Two-pronged approach suggested for social protection reforms: World Bank Report
Pakistan has the lowest penetration of micro-finance in South Asia with less than 2 percent of poor households covvered, said World Bank Report. According to WB report on "Social protection in Pakistan", in Bangladesh and Sri Lanka, over 60 percent of the poor are micro-finance clients and this share is 9 and 14 percent in India and Nepal, respectively.
However, the impact of micro-finance on those who receive them is positive. The slow growth of micro-finance in Pakistan is caused in part by the lack of a solid and profitable core business, relying on subsidised donor funds rather than profitability.
In the past, WB report said, Pakistan has implemented workfare programs to build infrastructure and offer temporary employment to the poor, but no major program currently exists. Past programs include workfare for Afghan refugees and the Khushal Pakistan Program, though their overall impact on poverty reduction is not known.
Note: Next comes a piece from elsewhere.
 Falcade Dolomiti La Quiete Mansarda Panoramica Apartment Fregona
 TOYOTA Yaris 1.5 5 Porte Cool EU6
Currently, no public works program exists to target the poor through low wages or conditions on public works contracts to employ local labour. WB report stated that "Social Welfare and Care Services" are fragmented with low budgets, and their effectiveness is not well known. The poor need only cash transfers, but also need services to improve their welfare, eg, rehabilitation services for the disabled.
The Ministry of Social Welfare and Special Education has been active in designing and providing several types of social welfare and care services programs for vulnerable groups such as working children, vulnerable women, and the disabled. The programs are publicly financed and administered by the federal government in some instances (eg, special education schools for children with disabilities; PBM child labour or vocational training centres); provincial governments (beggar and drug addict homes; Punjab Child Protection Bureau); and districts (district social welfare offices).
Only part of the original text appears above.